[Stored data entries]
• • • • • • •
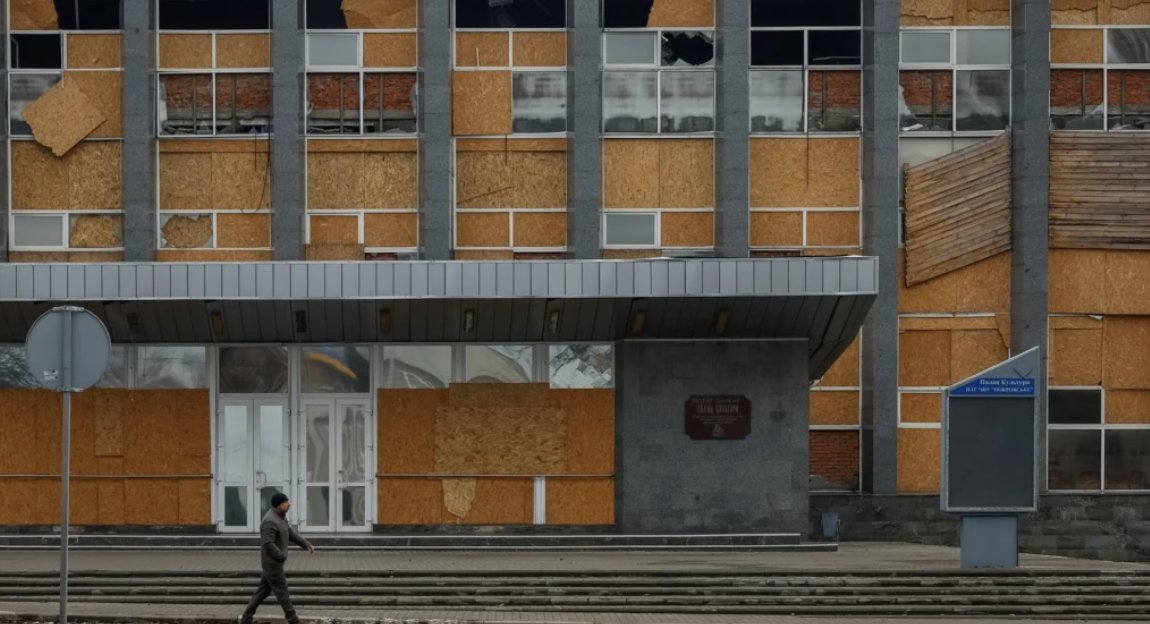Russian troops attempt to encircle Pokrovsk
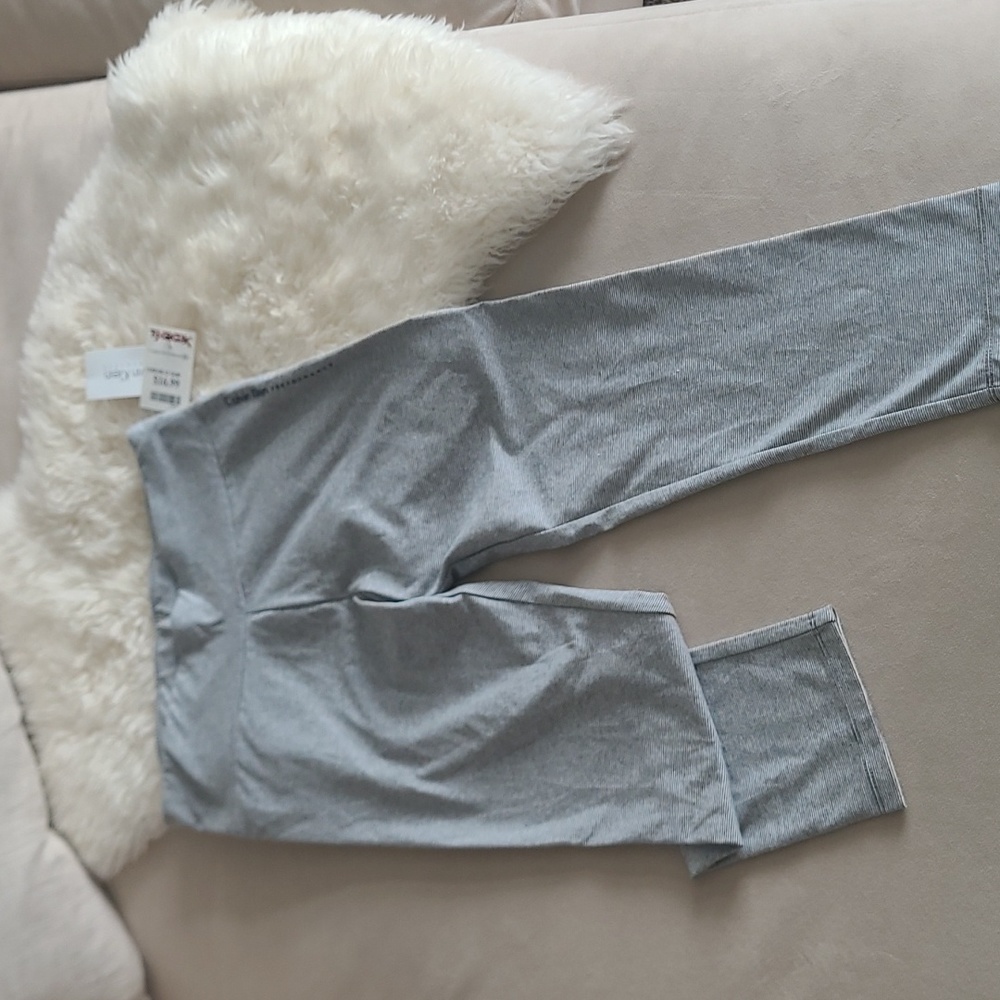 Calvin Klein Capri Length Gray size Medium Athletic Leggings. NWT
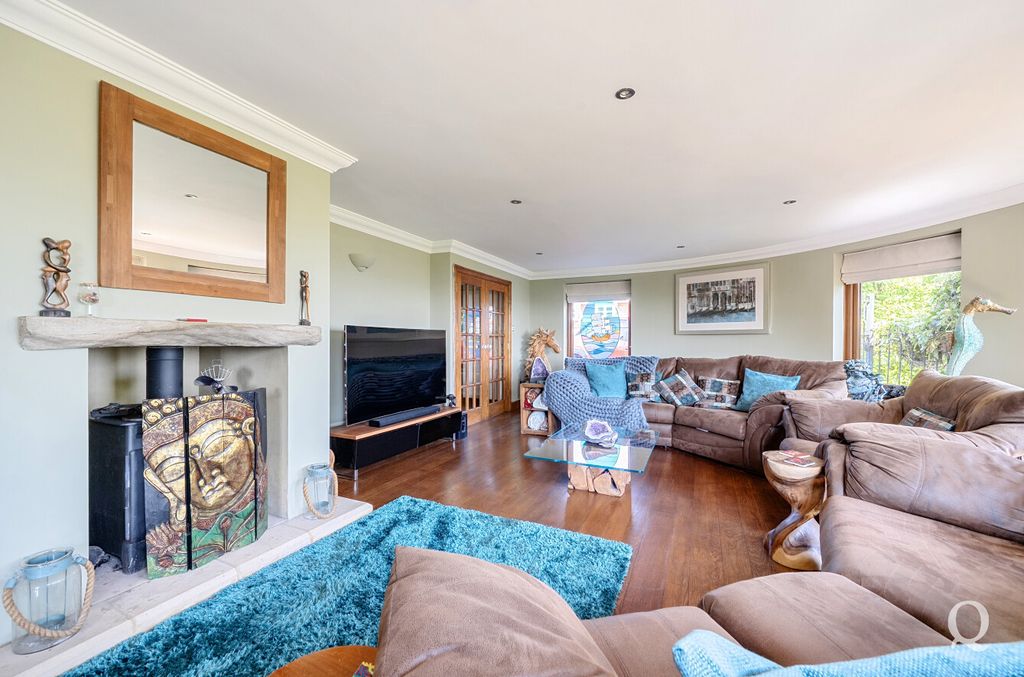 Property photo 3 of 36 2Bbaeaa3-4d1F-4Ec...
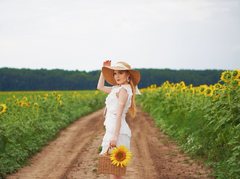 FocusOnMind - blond female webcam at LiveJasmin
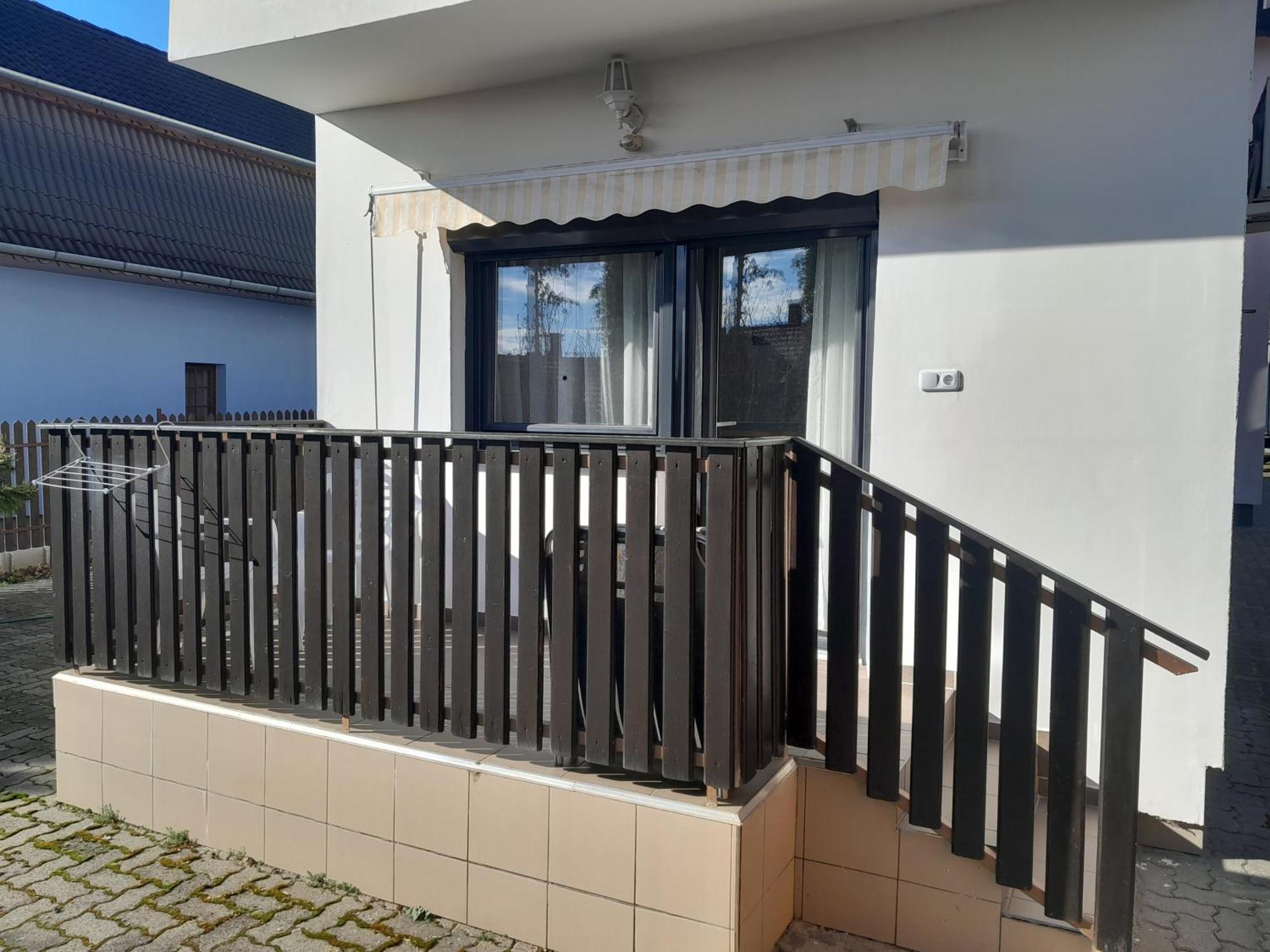 Nyirfa Apartmanhaz 佐洛卡罗斯 外观 照片
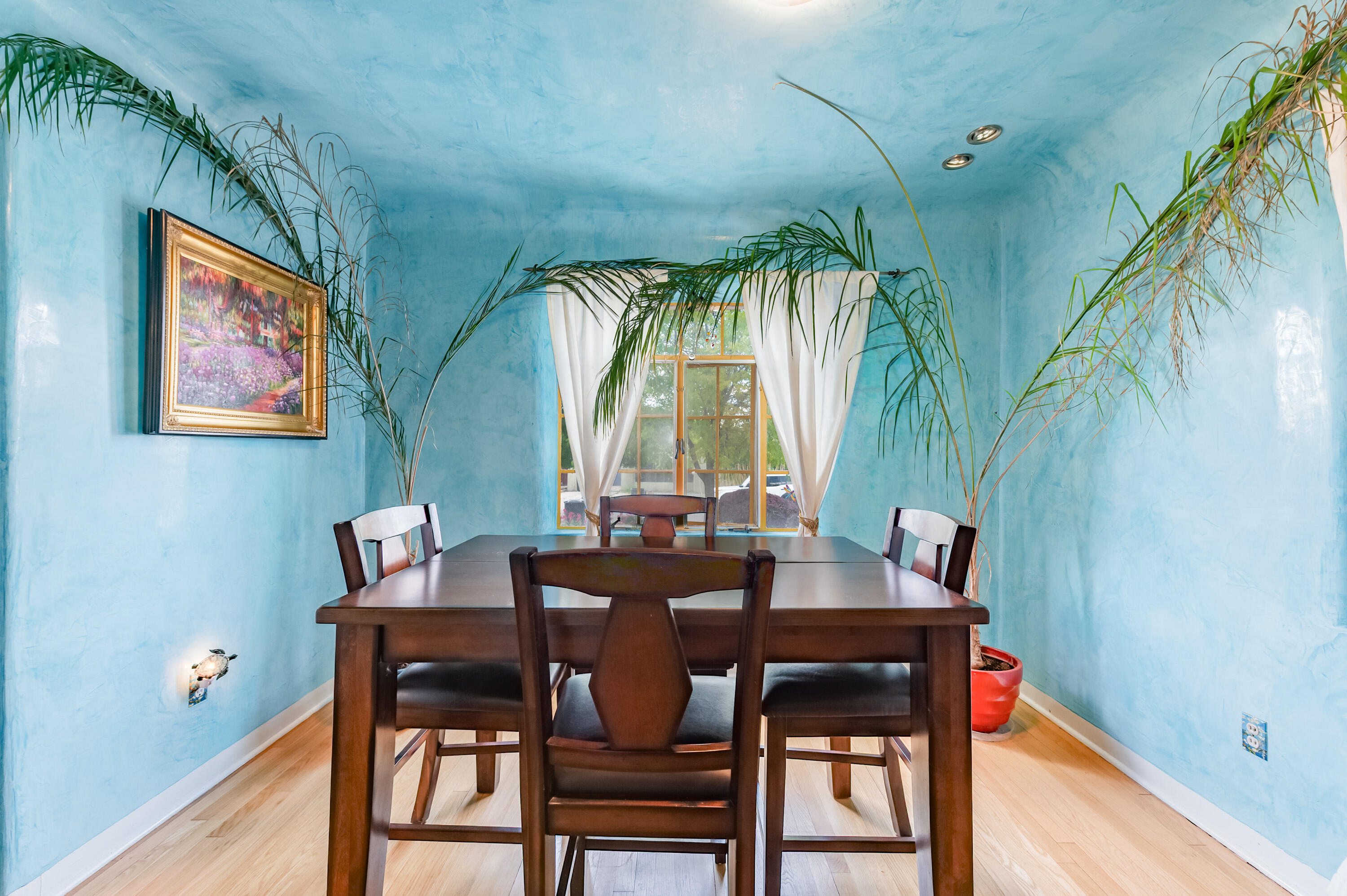 410 AMHERST Drive SE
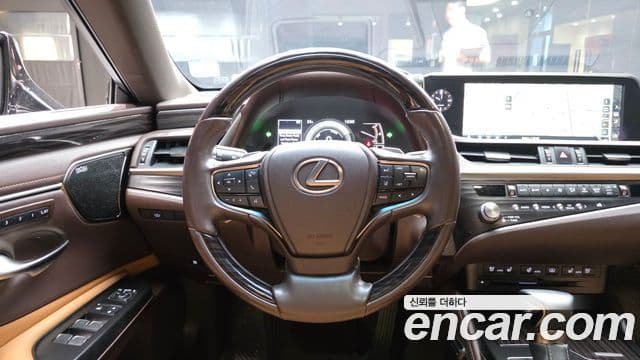 Lexus ES300h 2021 — ფოტო 15/37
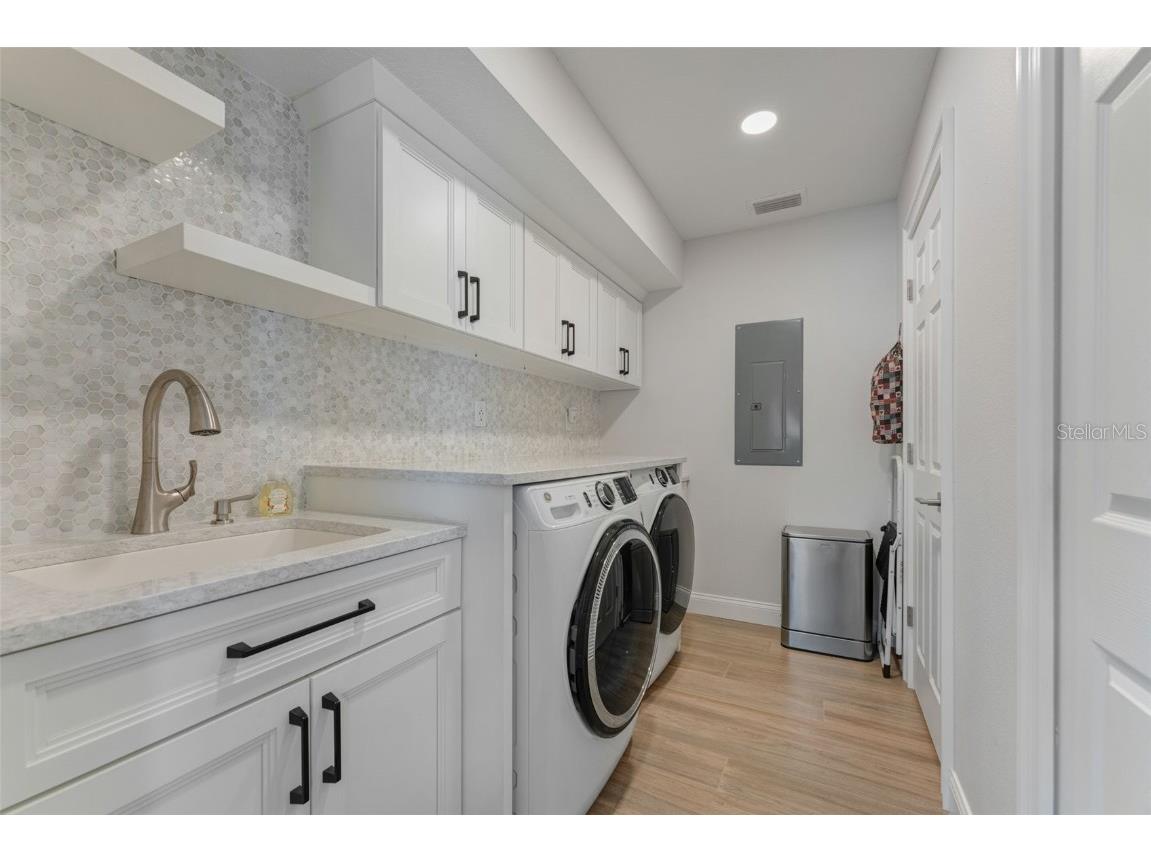 3502 Bahia Vista Street Sarasota FL 34239 A4615828 image32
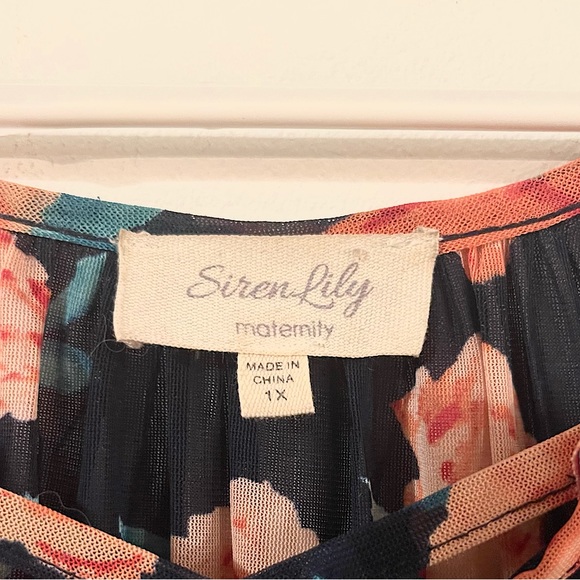 Siren Lily Rose-patterned Top - Picture 4 of 5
• • • • • • •
**Try it:** Your task is an exact transcription of all the data, minus the pictures.

**Written reply:**
Russian troops attempt to encircle Pokrovsk
 Calvin Klein Capri Length Gray size Medium Athletic Leggings. NWT
 Property photo 3 of 36 2Bbaeaa3-4d1F-4Ec...
 FocusOnMind - blond female webcam at LiveJasmin
 Nyirfa Apartmanhaz 佐洛卡罗斯 外观 照片
 410 AMHERST Drive SE
 Lexus ES300h 2021 — ფოტო 15/37
 3502 Bahia Vista Street Sarasota FL 34239 A4615828 image32
 Siren Lily Rose-patterned Top - Picture 4 of 5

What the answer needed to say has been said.